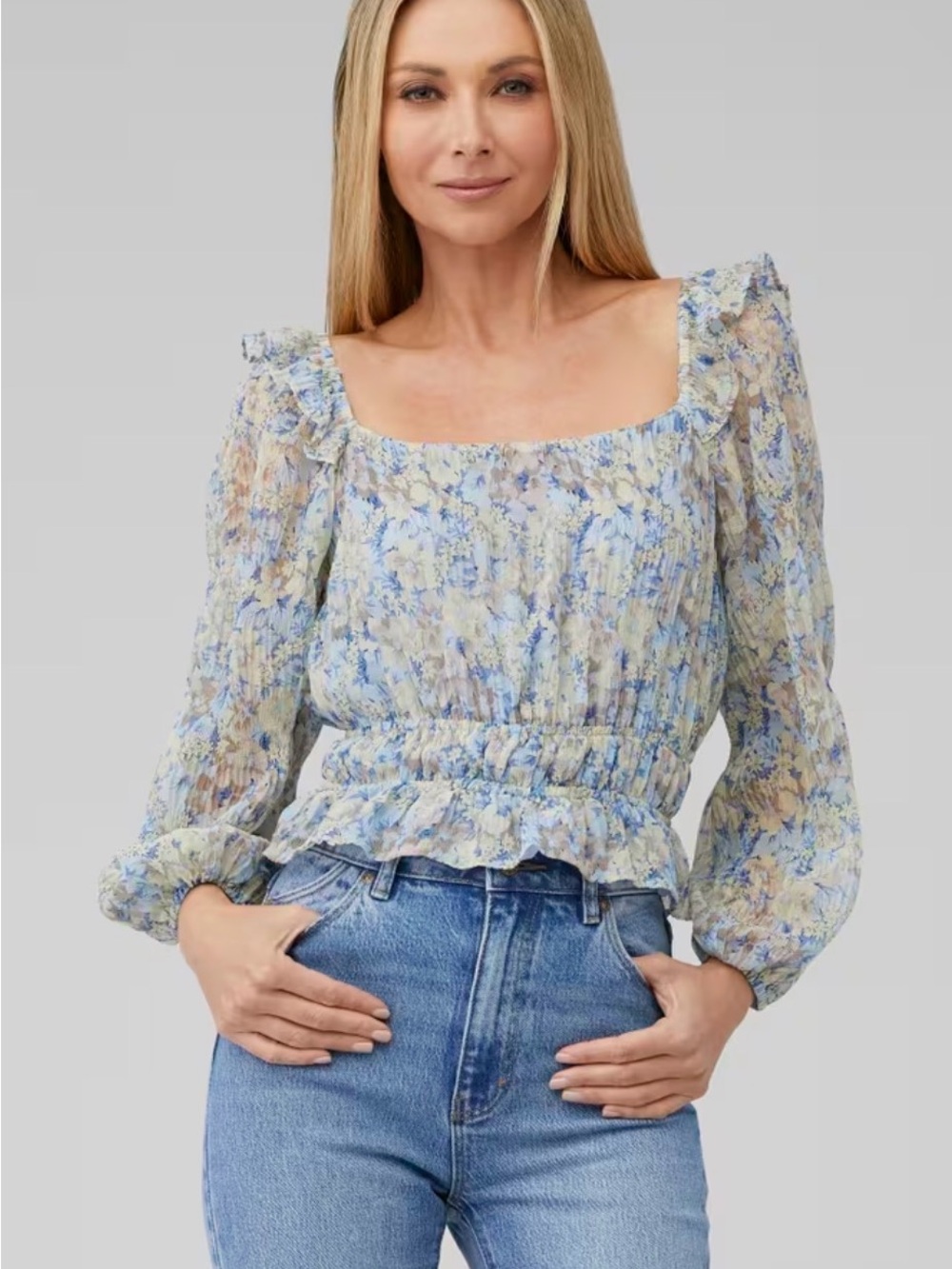 ASTR THE LABEL Elva Peasant Top in Blue Taupe Floral Small
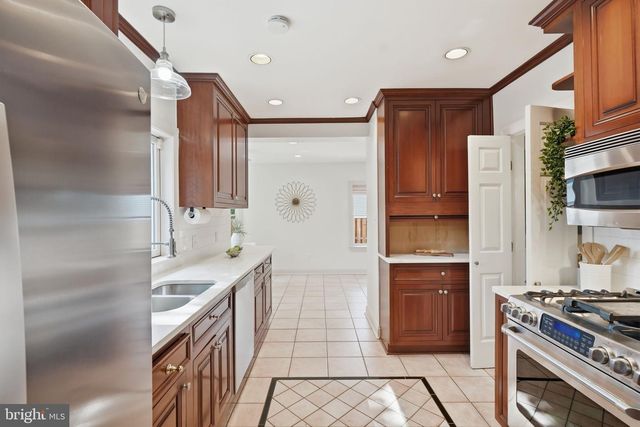 824 S COURTHOUSE RD, Arlington, VA 22204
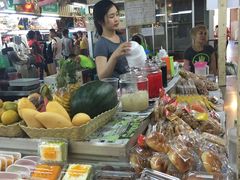 -班赞海鲜市场胖阿姨加工点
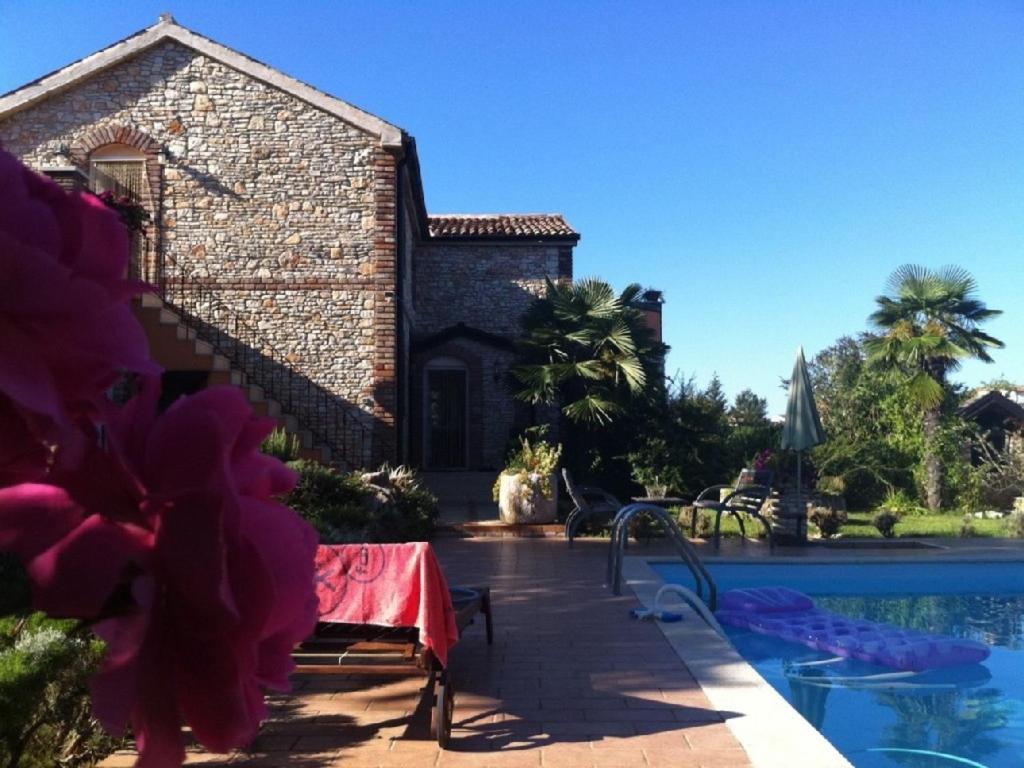 Villa In Funtana With Private Tenniscourt Exteriör bild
○ ○ ○
Set down all of the material word for word, minus its pictures.

 ASTR THE LABEL Elva Peasant Top in Blue Taupe Floral Small
 824 S COURTHOUSE RD, Arlington, VA 22204
 -班赞海鲜市场胖阿姨加工点
 Villa In Funtana With Private Tenniscourt Exteriör bild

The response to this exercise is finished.